Après une première
exposition « YIA – Young International Artists » en 2010 (une quinzaine d'artistes
émergents représentés chacun par leur galerie à Paris) et un hors les murs organisé à l'occasion de cette dernière FIAC (présentation du travail de Jean-Philippe Illanes), YIA
propose, en ce début d'année, une exposition de Regis-R intitulée « Transit ».
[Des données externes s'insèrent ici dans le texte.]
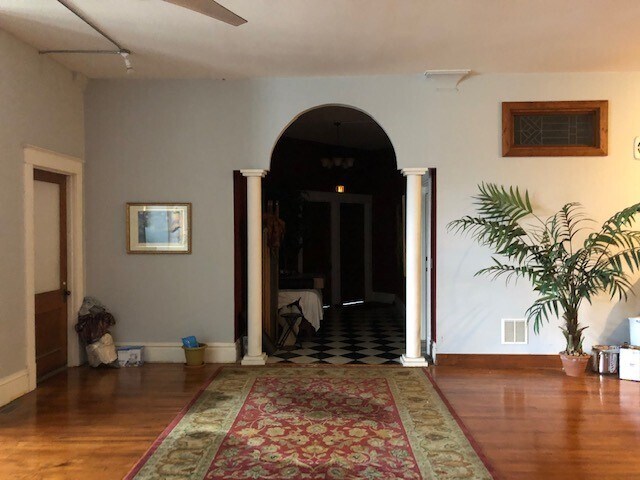 Foto del edificio - 422 Leonard St NW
Actuellement présenté au Centre Pompidou dans le cadre du projet « Green Attitude - Studio 13/16 », Regis-R expose dans le nouvel espace éphémère du YIA :
Régis-R
A la frontière du design et de l’art contemporain, Régis-R est repéré depuis 2002 par Philippe Starck avec qui il travaille sur de nombreux projets.
Régis-R concentre son art sur la mise en valeur du déchet tout en interrogeant, au travers d’installations gigantesques, les maux et les déviances de nos comportements éventuels.
A l’heure où le déchet s’impose comme un problème de civilisation majeur, son travail naît au coeur d’une profonde conscience écologique et d’une volonté de donner à voir le déchet autrement.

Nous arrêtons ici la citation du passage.